Top of RECORDS SUPPLIED

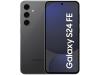 Smartphone Samsung Galaxy S24 FE 128GB Grafite 5G 8GB RAM 6,7″ Câm. Tripla + Selfie 10MP
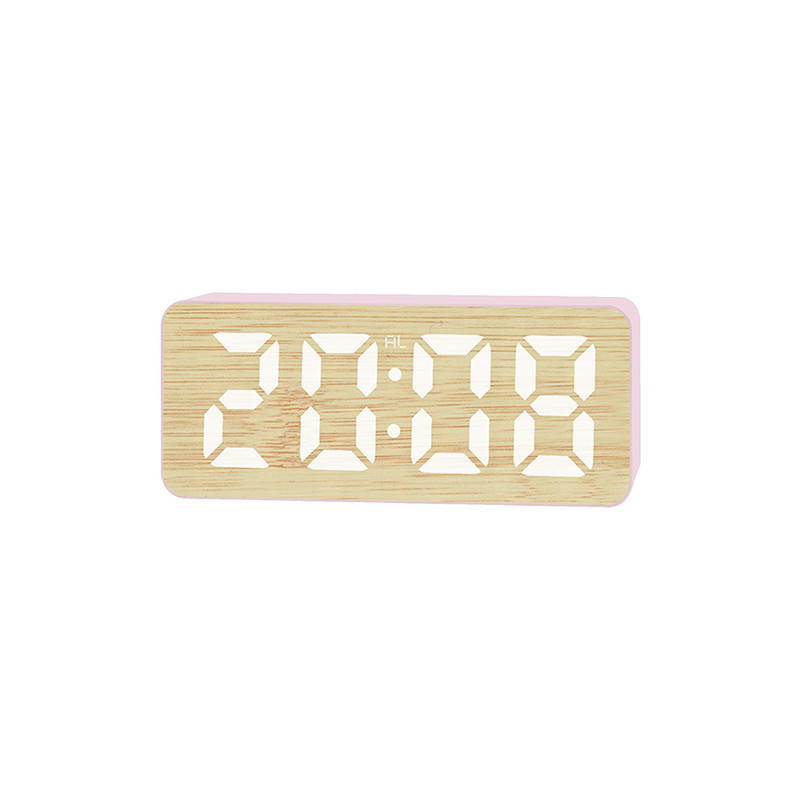 ساعت رومیزی دیجیتال گائوسیو مدل DS-5821L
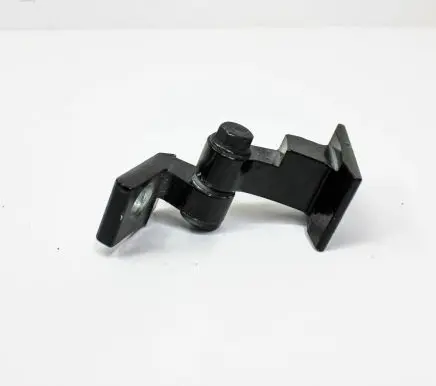 Front door upper hinge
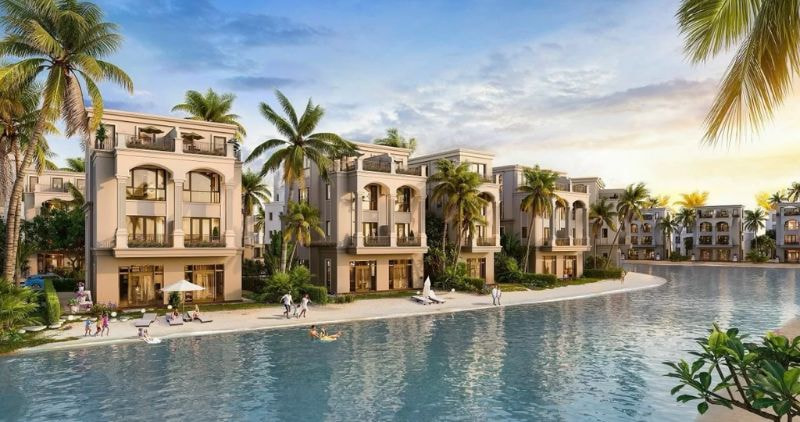 Biệt thự song lập Vinhomes Đan Phượng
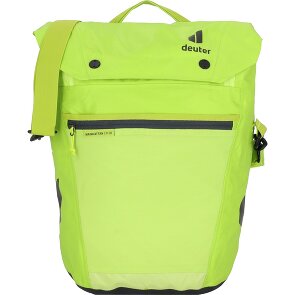Deuter Mainhattan bicycle bag 33 cm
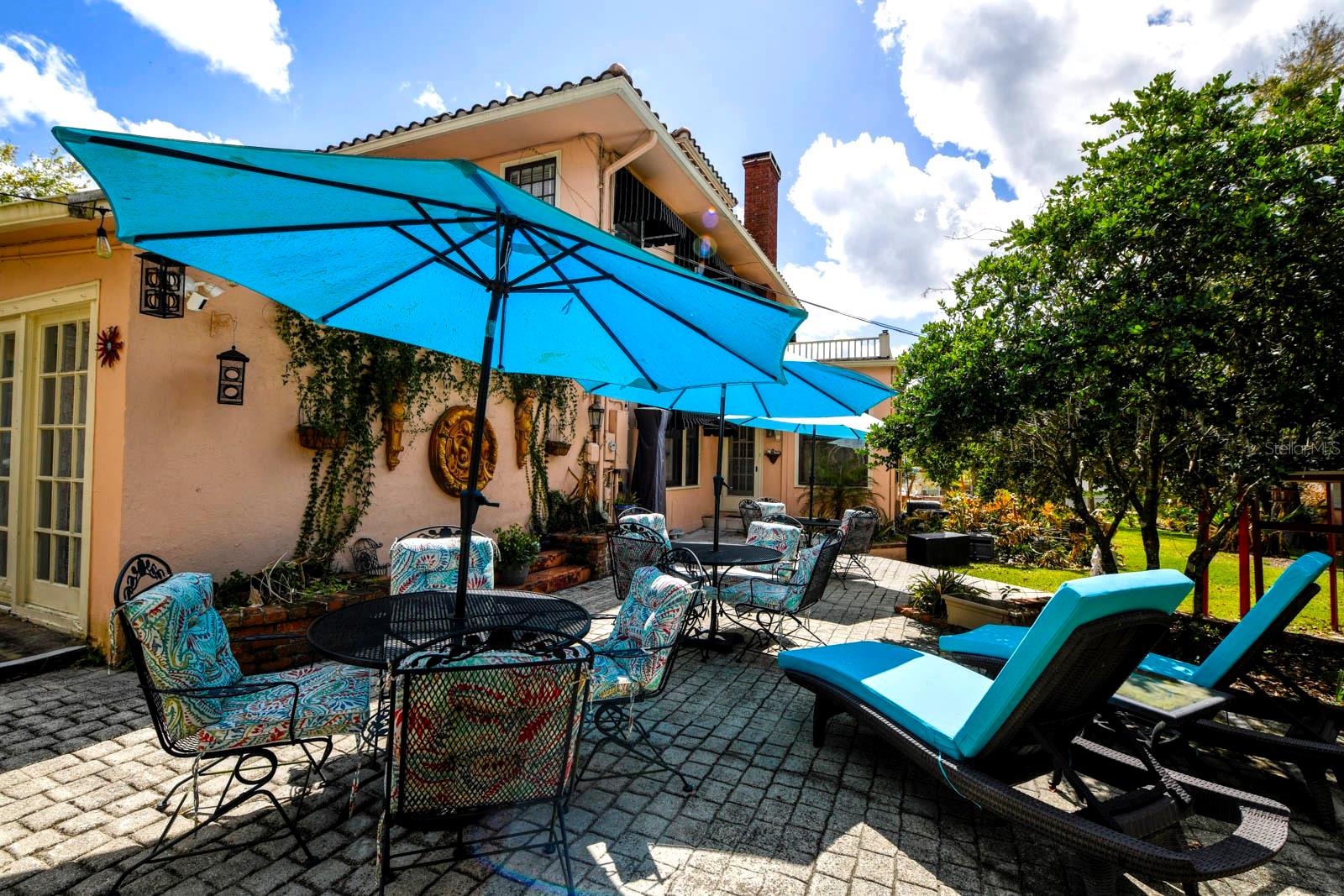 MOUNT DORA TREMAINS - Residential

Bottom of RECORDS SUPPLIED

TASK PROMPT:
When the line containing "ساعت رومیزی دیجیتال گائوسیو مدل DS-5821L" is reached, write out that line and each one after it exactly, ending with the last line of the records; pictures are not copied.

ANSWER:
 ساعت رومیزی دیجیتال گائوسیو مدل DS-5821L
 Front door upper hinge
 Biệt thự song lập Vinhomes Đan Phượng
Deuter Mainhattan bicycle bag 33 cm
 MOUNT DORA TREMAINS - Residential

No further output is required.